Task goal >> Exactly and only the lines from the one with "First, go ahead" through the last line of the records need to be set down; please skip the pictures.

[Stored items]
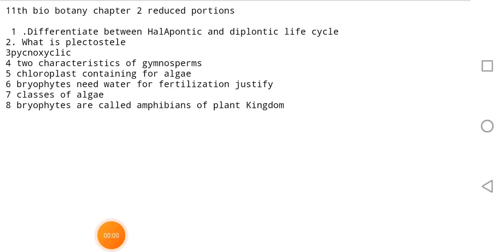Welcome to my channel. This is Biola's Loving Instrument. Today we will cover a biology chapter with reduced portions.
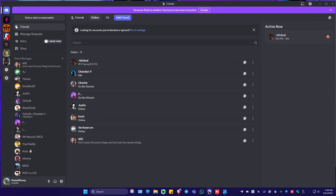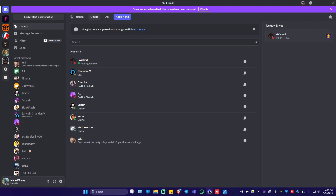First, go ahead and open up your Discord app. Once you're in here, go to your server. Make sure that you own the server, and also make sure that you have enabled the guild feature on your server.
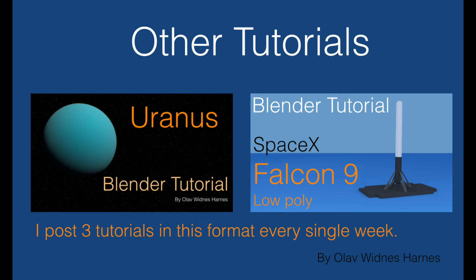And if you want to see more tutorials in this format, just go to my channel. I post three tutorials every single week.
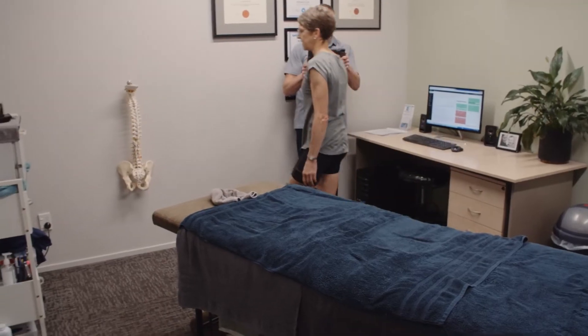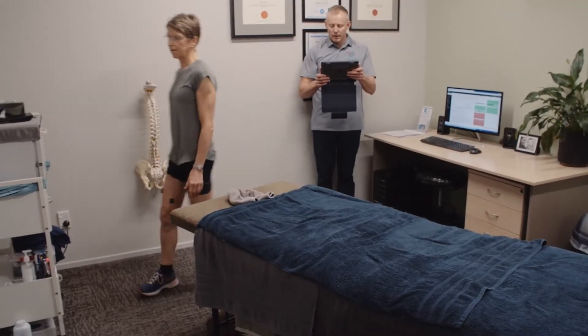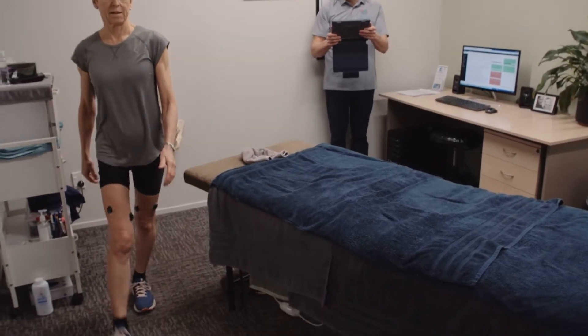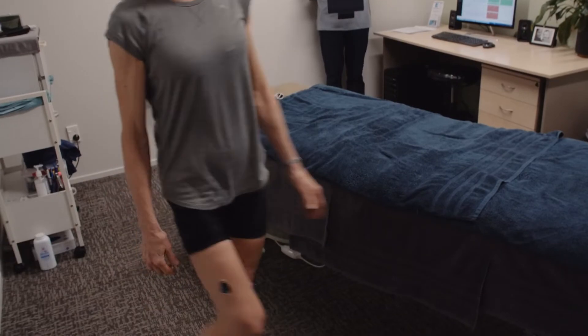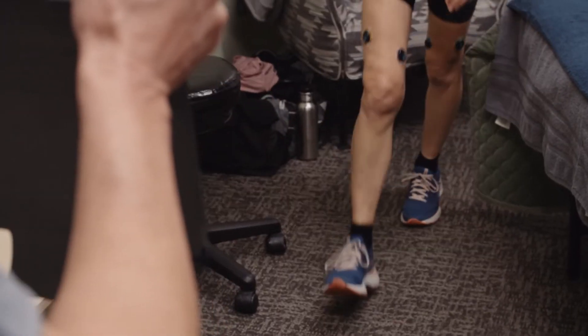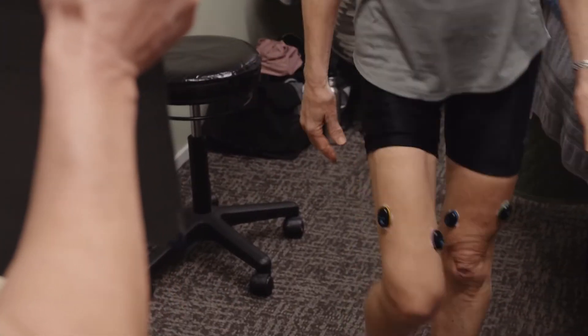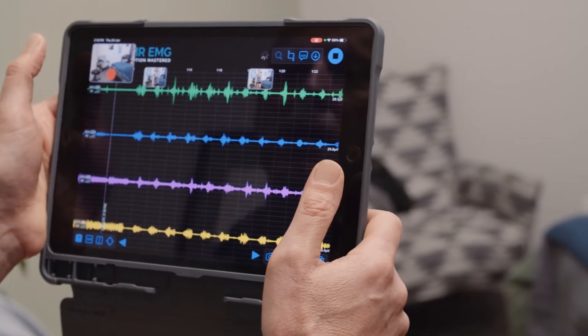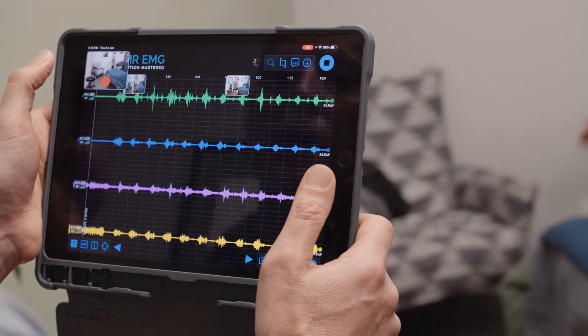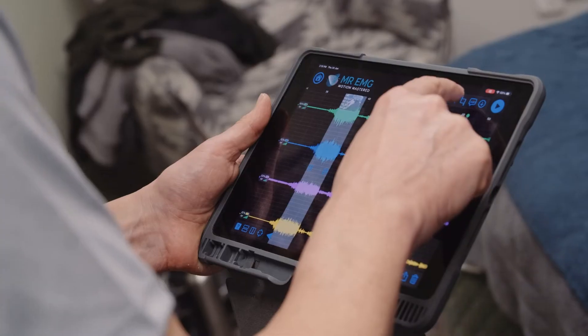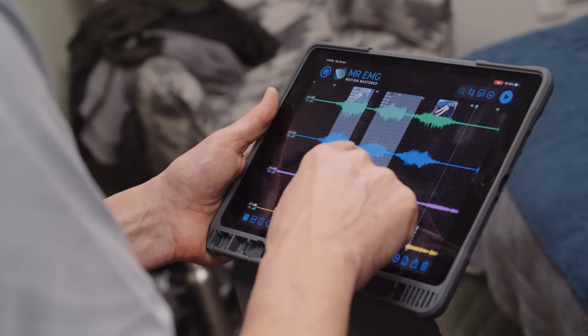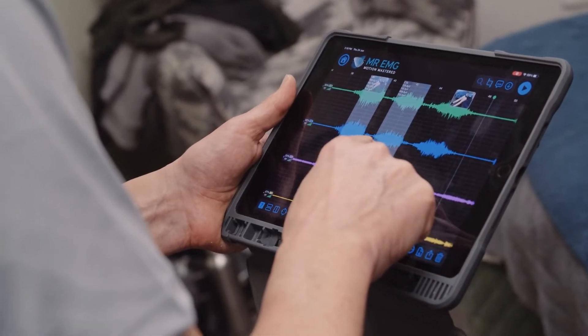Now record the quadriceps muscle activity of your subject's natural walking gait. Compare the muscle activity during walking gait to their maximal voluntary contractions, looking for any muscle activity abnormalities related to the complaint, such as a reduction of muscle function.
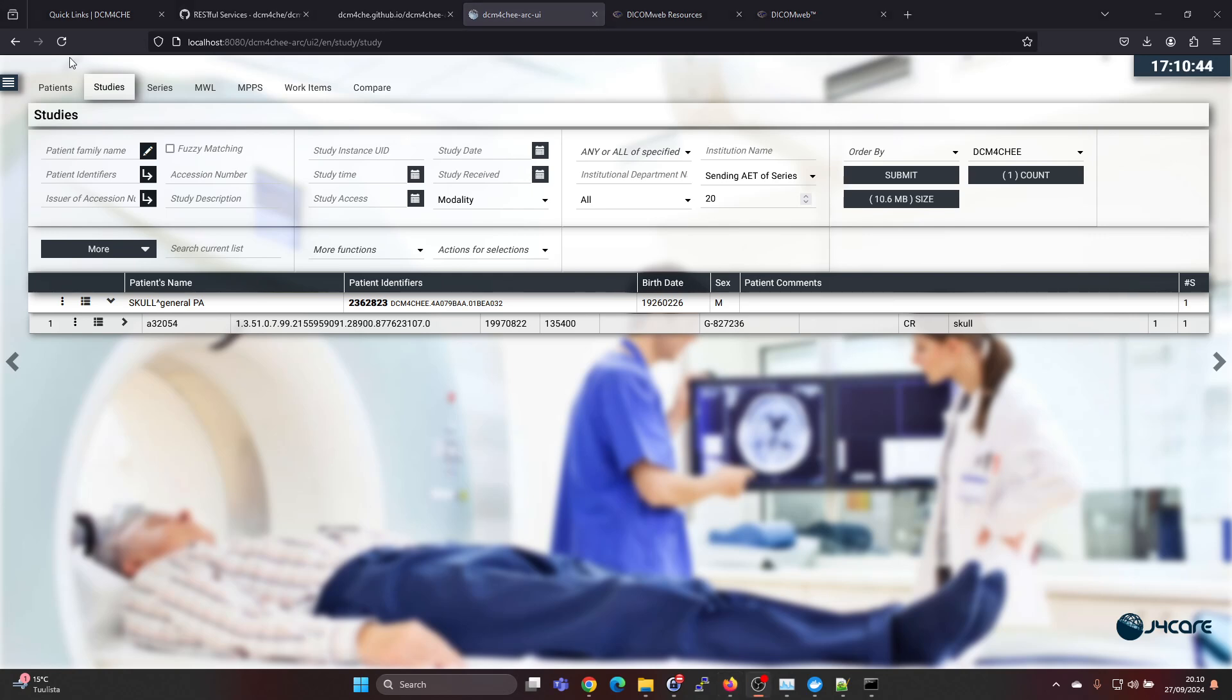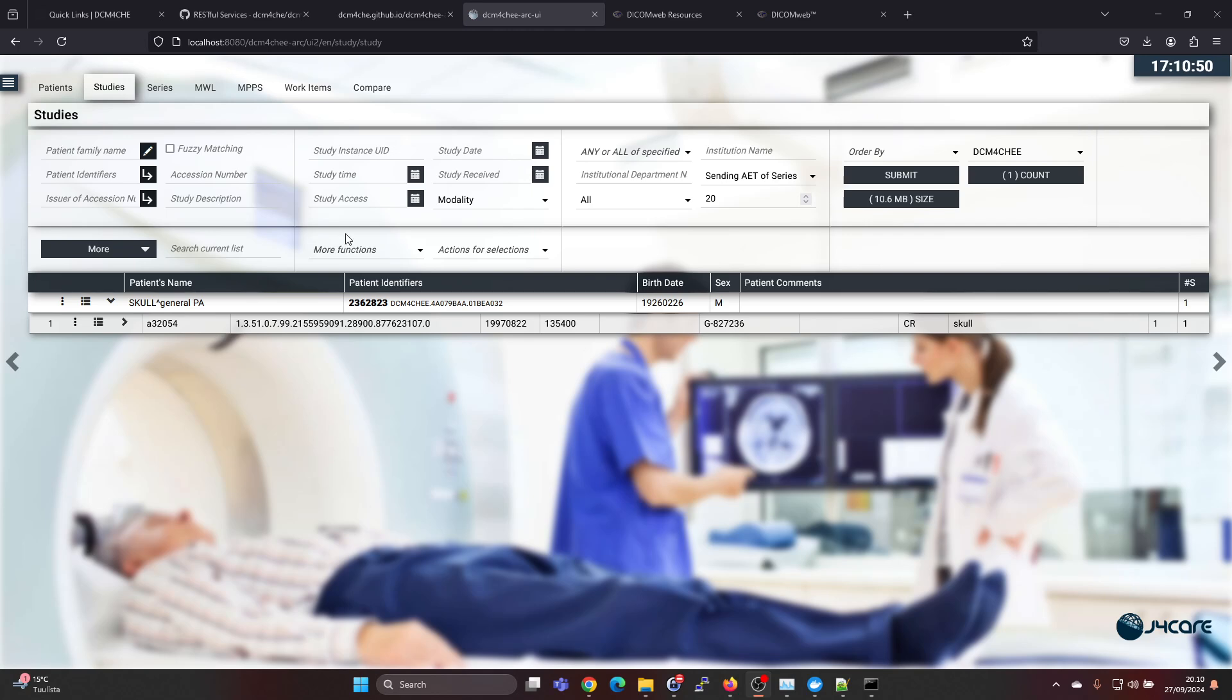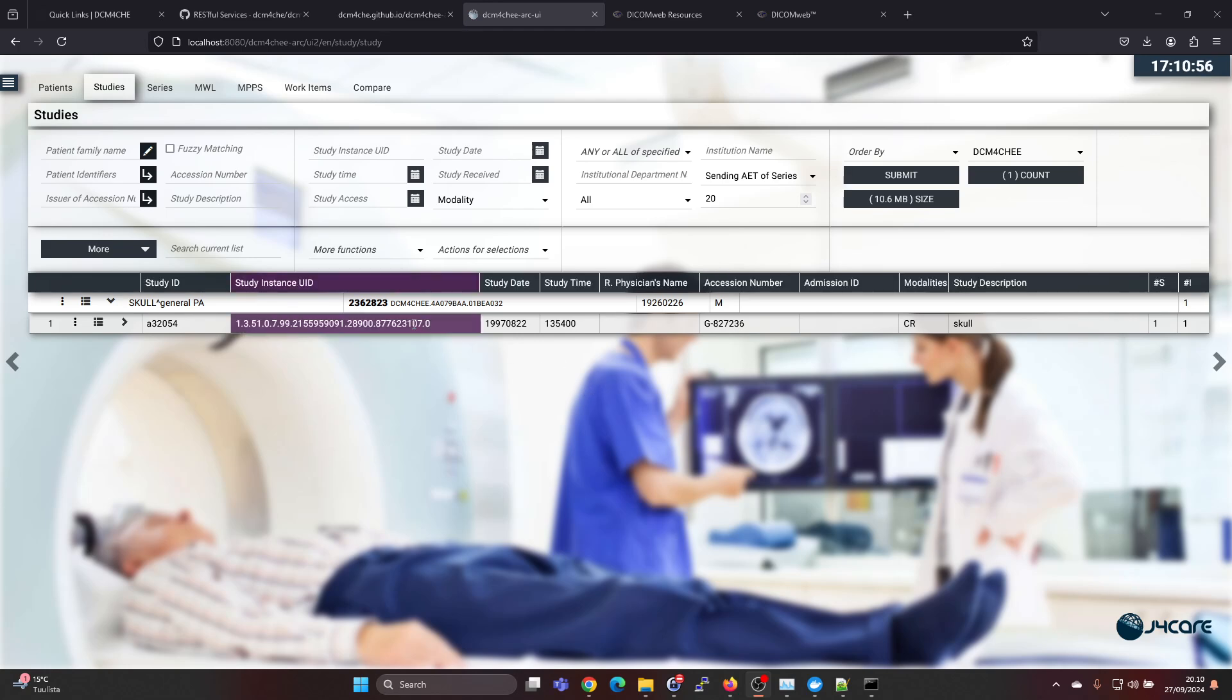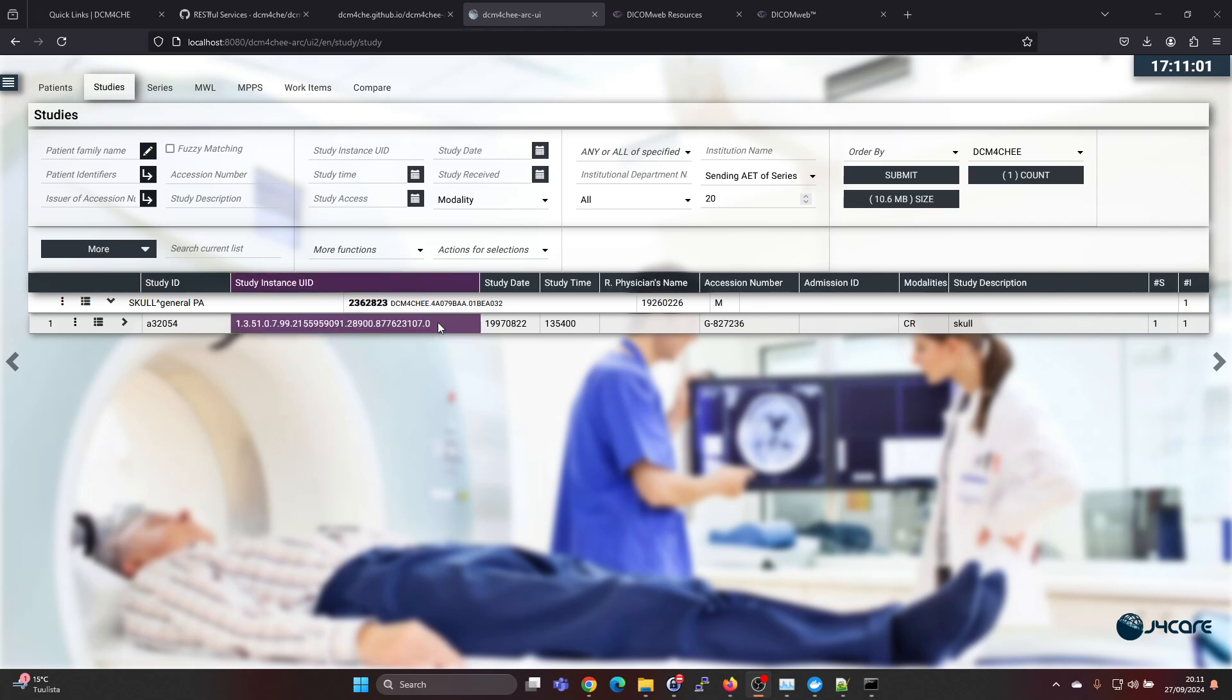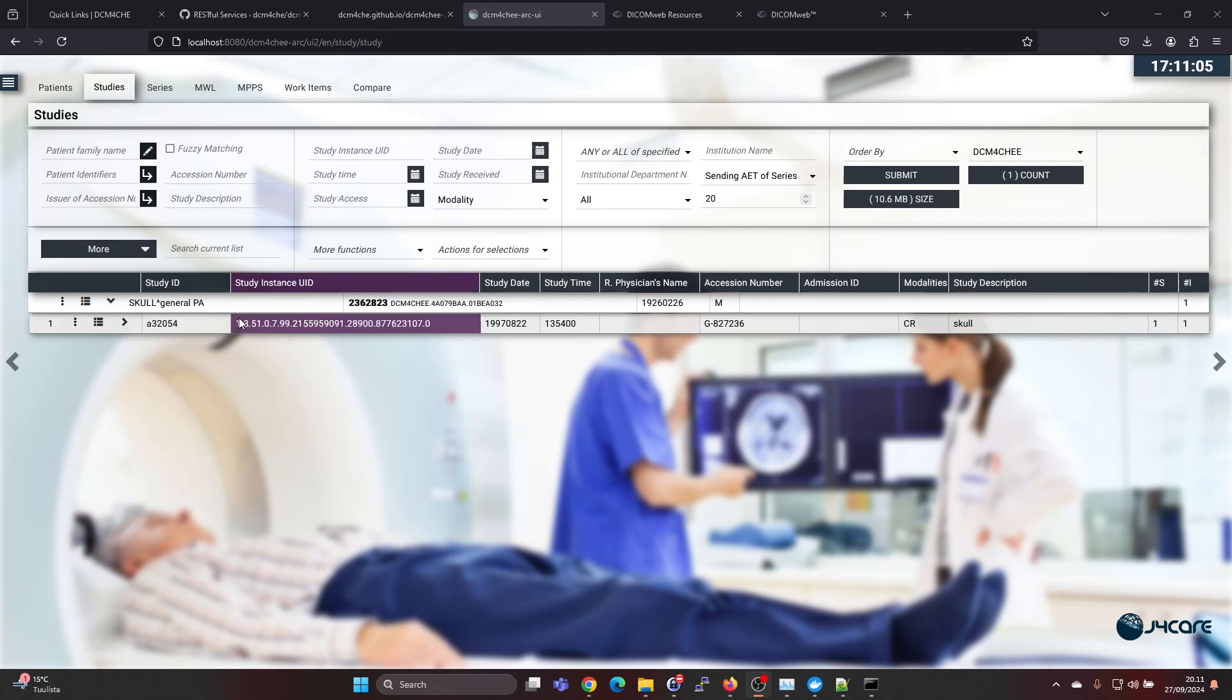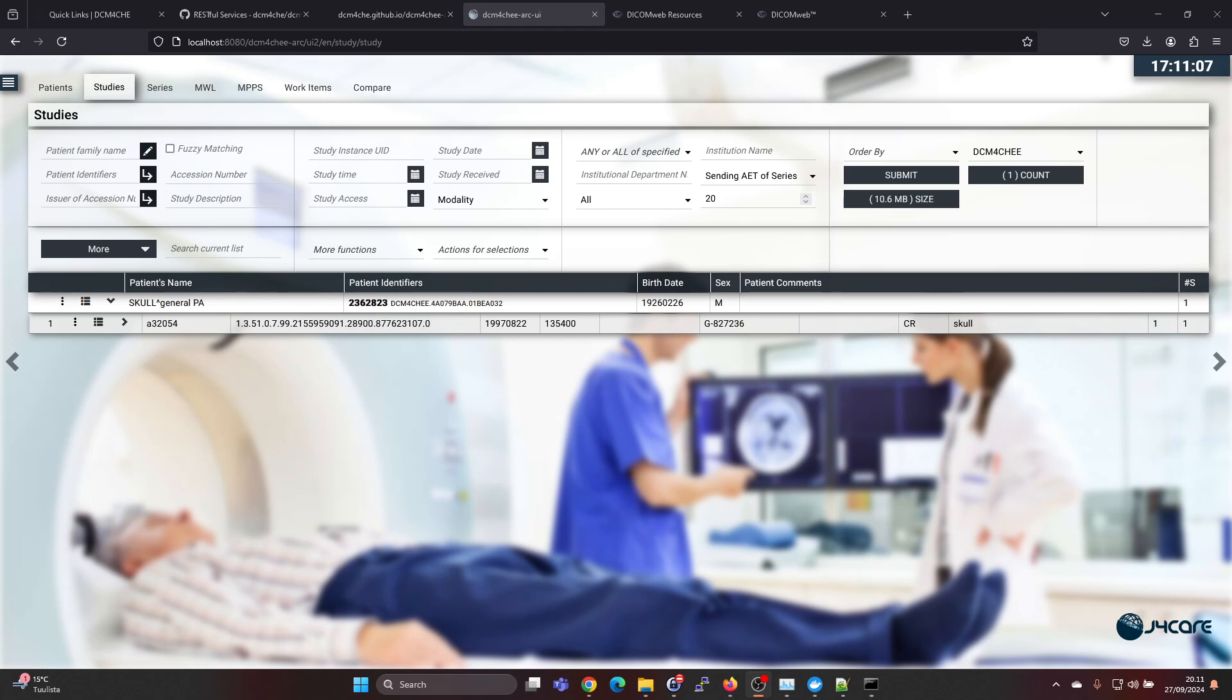Before we go to Postman, I'm just going to show you here in the Dicom4ChE UI that this is actually using the DicomWeb interfaces itself when it's accessing the backend. This is not doing a SQL query directly into the database but instead it's accessing it via the DicomWeb standard.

Answer below >>
First, go ahead and open up your Discord app. Once you're in here, go to your server. Make sure that you own the server, and also make sure that you have enabled the guild feature on your server.
And if you want to see more tutorials in this format, just go to my channel. I post three tutorials every single week.
Now record the quadriceps muscle activity of your subject's natural walking gait. Compare the muscle activity during walking gait to their maximal voluntary contractions, looking for any muscle activity abnormalities related to the complaint, such as a reduction of muscle function.
Before we go to Postman, I'm just going to show you here in the Dicom4ChE UI that this is actually using the DicomWeb interfaces itself when it's accessing the backend. This is not doing a SQL query directly into the database but instead it's accessing it via the DicomWeb standard.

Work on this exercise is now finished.